Jonathan Saipe

Drift Marketing – Recapture Abandoned Shopping Carts

1 September 2010, Jonathan Saipe


Some research suggests that shopping cart abandonment rates can be as high as 50-60%. And it’s for this reason that marketers and ecommerce analysts are constantly looking at ways of reducing form or cart abandonment. Welcome to the concept of Drift Marketing.

Drift Marketing is essentially a form a re-marketing aimed at lowering form or cart abandonment in order to increase sales and conversion rates.

If a customer is engaged enough to add items to their shopping cart, then a website owner should be able to provide an incentive to those customers that will push them back into the shopping process in order to complete the sale. Well that’s the theory!
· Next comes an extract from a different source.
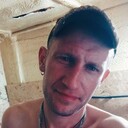 ���������� �������, ���� ������� �����, 37 ���, ������������ ��� ������, ����� � ���������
The maths speaks for itself

Let’s take a hypothetical set of data over one month:

1000 orders started per month
600 orders completed and 400 carts abandoned
£100 average sale
That’s £60,000 revenue generated per month

If you can recapture 12% of those abandoned orders, the difference is tangible:

48 additi0nal orders started through drift marketing
648 total orders completed per month
£100 average sale
Total monthly revenue is now £64,800

Real Examples

S&S Worldwide – a leading online retailer in arts and crafts, educational supplies, youth sports and physical education equipment – used Silverpop Engage Transact for re-marketing. S&S was able to capture previously lost revenue opportunities to the tune of circa 25%.

The open rate for Diapers.com’s shopping cart abandonment campaign was 48% higher than any previous campaign and the click-through rate 78% higher.

Next Steps?

Normally, drift marketing is carried out by way of a triggered email that is sent to the customer at a designated time period (e.g. 30 minutes) after the cart has been abandoned.

As with any email marketing campaign, the content, design and header of the email will need to be carefully tested and will of course vary according to the vertical, customer segment and product/category.

Content Strategy

Marketers may want to broadcast an email asking the customer if they had an problems checking out and whether there is anything that can improve this process.

Alternatively, an email could be broadcast a day later which could contain saved cart contents as a reminder which could trigger a sale. A good ecommerce platform should have this facility already integrated.

If you have enough margin, you could include a discount code to incentivise a sale, but the danger here is that your customers may realise they can get discounts by abandoning the checkout process.

Legal Issues

Bear in mind, when broadcasting re-marketing emails, you will need to adhere to the right legal framework. In most cases this requires opt-in from the customer, which can be attained within the shopping cart process – before it is abandoned!

To conclude, the positive implications of drift marketing or re-marketing are easily measured in terms of clicks, sales and conversions. The negatives are less tangible as the emails that don’t result in conversions could be perceived either as too invasive and “big brother”, overly aggressive or simply spam.

  • I find this concept invigorating and have already started advocating about it everywhere I interact and more so with my prospects/clients.

    Drift marketing can surely be used to ones advantage keeping in mind the legal complication.

    Thanks again for the insight.

    Rakesh

  • I investigated both S&S Worldwide and Diapers.com, and neither appear to get opt-in from the customer. Diapers.com requires an account to be created, but there isn’t an ‘opt in’ box for drift marketing, and it’s not mentioned in the T&C’s either; S&S Worldwide allows checkout without creating an account but requests the email address before the user makes that choice.

    Is this approach usable in the UK? It would be useful to know what the legal angle is for drift marketing over here, and what is doable/not doable.